Turn the unit’s mental model into a working pipeline: emit OTLP at the edge, enrich and curate in the Collector, sample head + tail, defend Semantic Conventions, and demonstrate vendor-neutrality and Collector self-monitoring with measurements, not claims.
Instrument a 2-3 service app with OTel, route telemetry through an agent-to-gateway Collector pipeline that does tail sampling and PII redaction, then prove vendor-neutrality (swap the backend by config only) and Collector self-monitoring (a Collector failure is itself observable).
- A continuous end-to-end trace from the entry service through the downstream service and database appears in the backend, with the manual business span and its typed attributes visible and an error trace showing recordException + ERROR status.
- A diff (or two screenshots) showing the backend swap was a Collector-YAML-only change — application code and Resource config are byte-identical before and after.
- Evidence that tail sampling kept 100% of error and slow traces and only ~1% of baseline traffic — a count or query against the backend, not an assertion.
- Collector self-metrics captured under load, plus a demonstrated failure drill: kill a gateway replica and show traffic survives via the other replicas, and that a total-gateway outage fires an alert from the meta-monitoring rather than going unnoticed.
- Add a Semantic Convention governance check: a tiny linter or Collector transform rule that flags or rewrites a non-standard attribute name (http_route -> http.route) and prove it catches a deliberately-misnamed service.
- Add a persistent queue (file_storage) on the gateway exporter and demonstrate it absorbs a simulated 5-minute backend outage with zero span loss after recovery.
- Reproduce and fix a cardinality leak: enable url.full on the HTTP client instrumentation, show the metric series count exploding, then switch to http.route or strip query strings via an attributes processor and show series count bounded.
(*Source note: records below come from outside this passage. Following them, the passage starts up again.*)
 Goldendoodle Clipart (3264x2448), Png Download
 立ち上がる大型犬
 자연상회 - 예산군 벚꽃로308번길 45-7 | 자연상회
- Add browser or serverless coverage: instrument a frontend with the OTel web SDK emitting OTLP/HTTP to the gateway (CORS-enabled) and show the browser span stitched into the server trace via traceparent.
This is the loop you will run building real observability: emit OTLP at the edge with correct Semantic Conventions and well-formed manual spans, enrich and curate in an agent-to-gateway Collector with memory_limiter-first ordering and tail sampling on full traces, prove portability by swapping the backend in YAML alone, and make the Collector itself observable so its failure cannot hide. Doing it once on a toy fleet makes the production version — where the Collector is critical-path infrastructure — muscle memory.